Yes, I have issues.
Anyways, I've been tagged to do a re-post. The rules of the tag are:
1. Link back to the person who tagged you.
2. Scroll through your archives to any post that you feel deserved a little more love than it received. Maybe back from when you first started blogging and didn't have many fan (this could be a post of mine from last week! ha!)
3. Re-post it.
4. Tag four bloggy friends to do the same. And since I can't be a hypocrit, I tag the following people:
Diapers and Divinity
the world: through the eyes of ME
Tidbits of the Tippets
A "Sample" of Jennifers Thoughts
A Most Embarassing Moment
Since I didn't do a Thursday Thirteen or Head or Tails this week... I decided to share with you one of my most embarrassing moments ever.

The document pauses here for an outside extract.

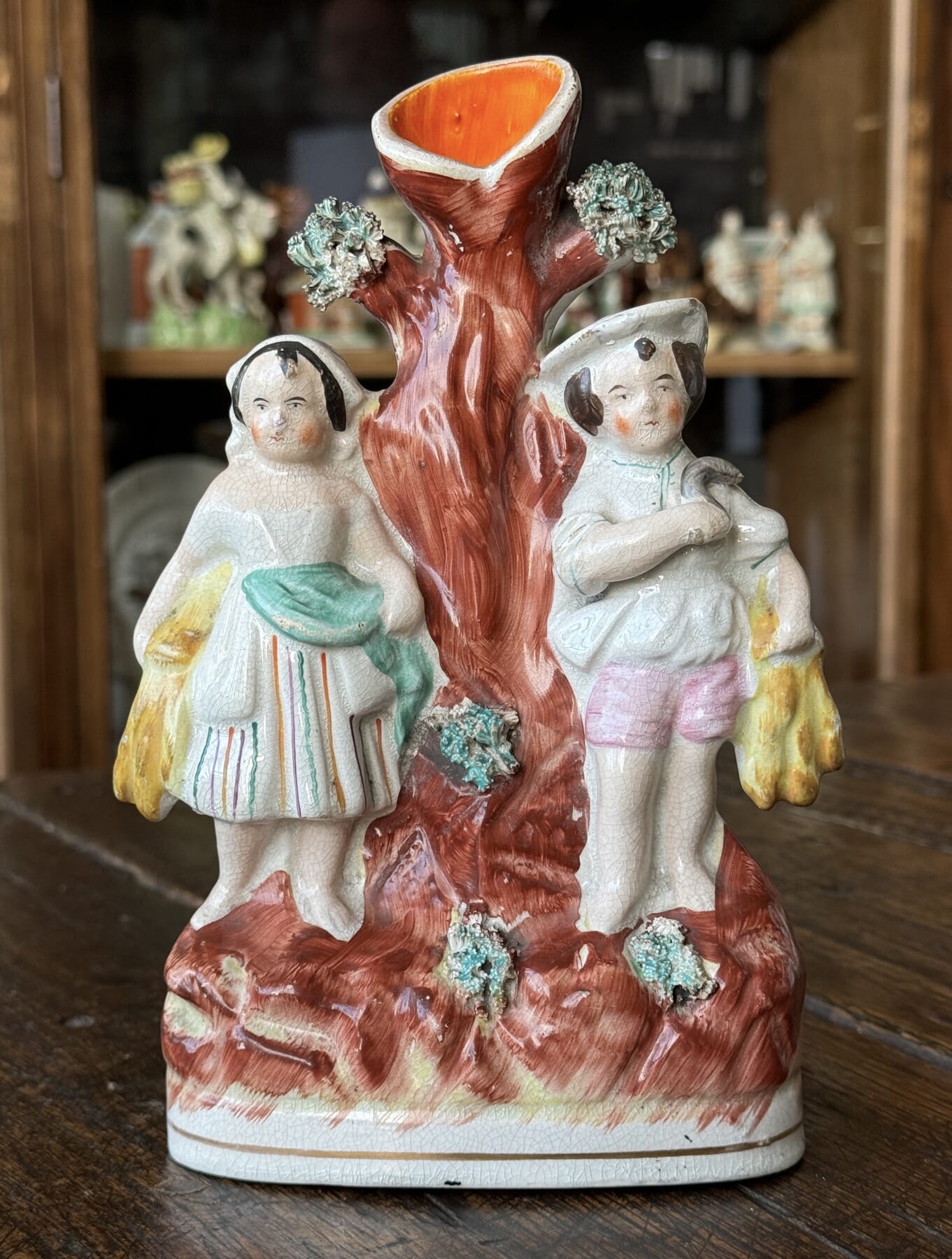 Staffordshire pottery spill vase, young harvesters, c. 1870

Why would I subject myself to such humiliation? Well... because it really is a funny story.
Before I begin, there are two things you need to know.
- Ever since Shane farted on our first date (maybe his most embarrassing moment?) we have always had a very open and sometimes quite funny dialogue about poo.
- When I was young, I had very sick tonsils. When I grew up, I still had very sick tonsils.
My story begins a few months before I had my tonsils removed. Shane and I were dating and had decided to be exclusive and not date other people... Things were moving along nicely. And then it hit. My tonsils finally gave up their life long battle of making me sick and decided to die on me.
I can't even begin to describe the nastiness of this. They would ooze out this horrible smelling pus that I began calling "poo balls."
Things kept getting worse and worse and these poo balls would be SO BIG, I would actually choke on them.
And the smell..... my own breath was killing me!!
I went to the Doctor who took one look down my throat and scheduled the surgery.
So the next day I was over at Shane's apartment and I told him when my surgery was and how I was SO glad it was soon because I couldn't stand the smell of my breath one more minute.
Shane sighed this HUGE sigh of relief. "Oh, is that what it is? I mean... you never had this problem before and now... I just couldn't figure out what it was, but MAAAANNNN!!!"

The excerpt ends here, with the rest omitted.